▶ **What needs to be done**: Set down only the lines from the one containing "Ферари с екстремно" through the final line of the entries below, exactly as they stand, with no pictures.

▶ **Entries provided**:

▬▬▬▬▬▬▬▬▬▬

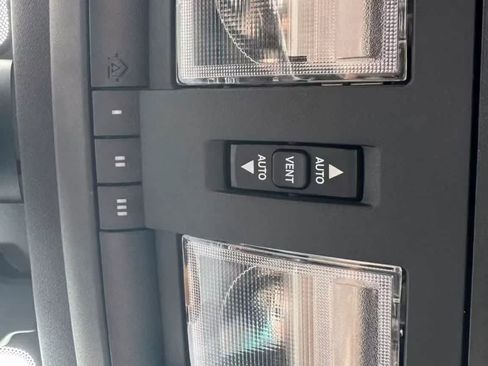 Used 2019 Dodge Challenger R/T Scat Pack image 22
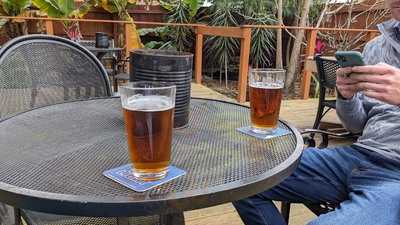 Nice & Easy Bar & Grill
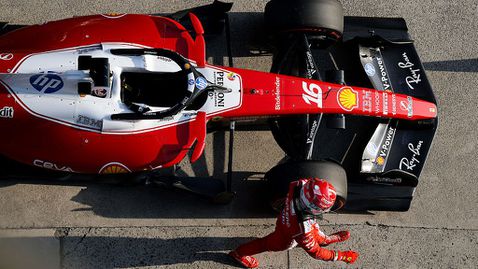 Ферари с екстремно решение за битката в Япония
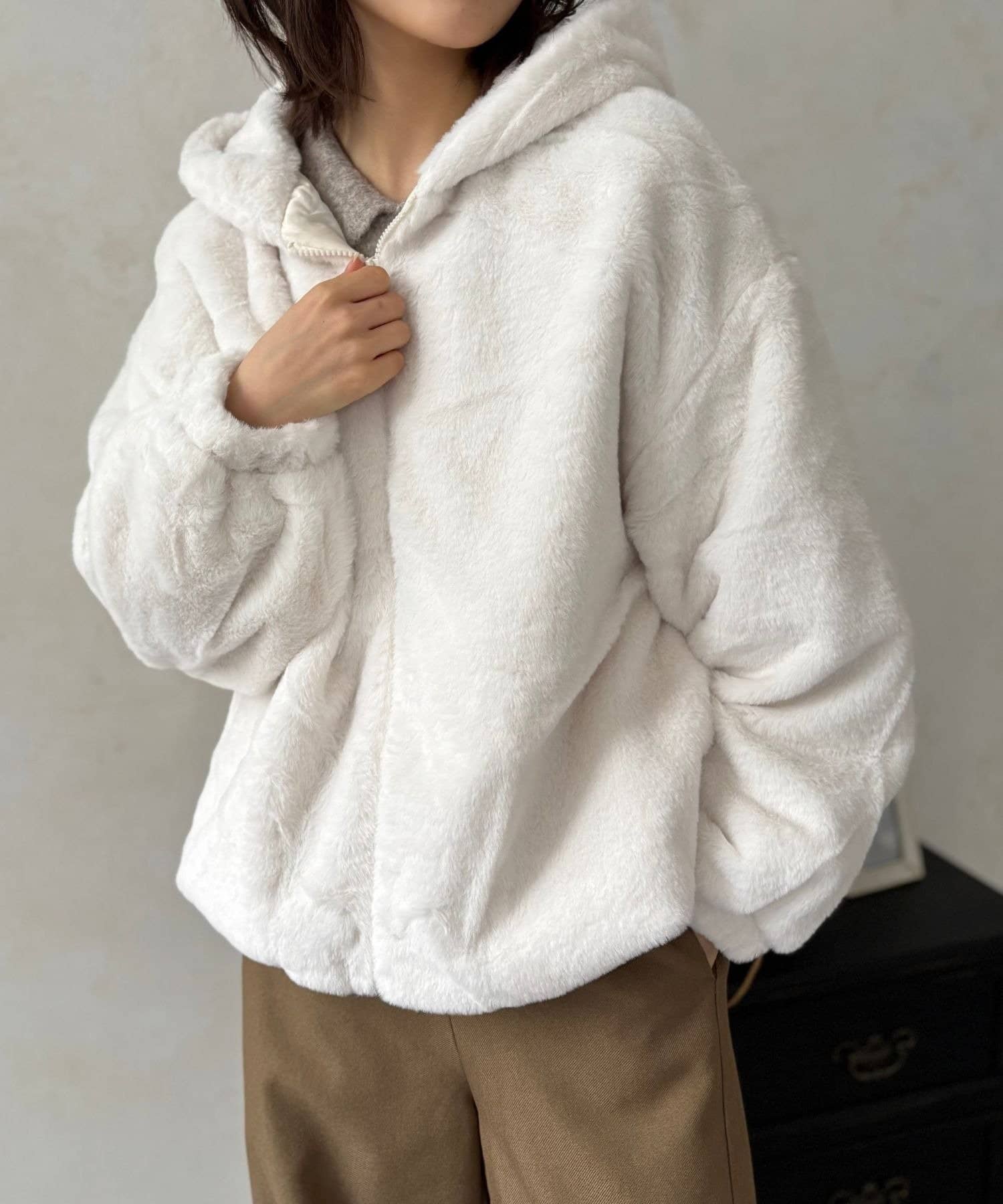 LOCUST(ローカスト) ファーフードジャケット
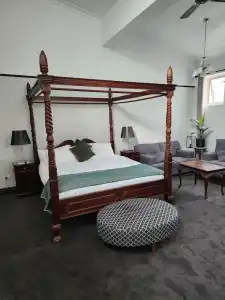 The Macquarie - 91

▬▬▬▬▬▬▬▬▬▬

▶ **Answer section**:
 Ферари с екстремно решение за битката в Япония
 LOCUST(ローカスト) ファーフードジャケット
 The Macquarie - 91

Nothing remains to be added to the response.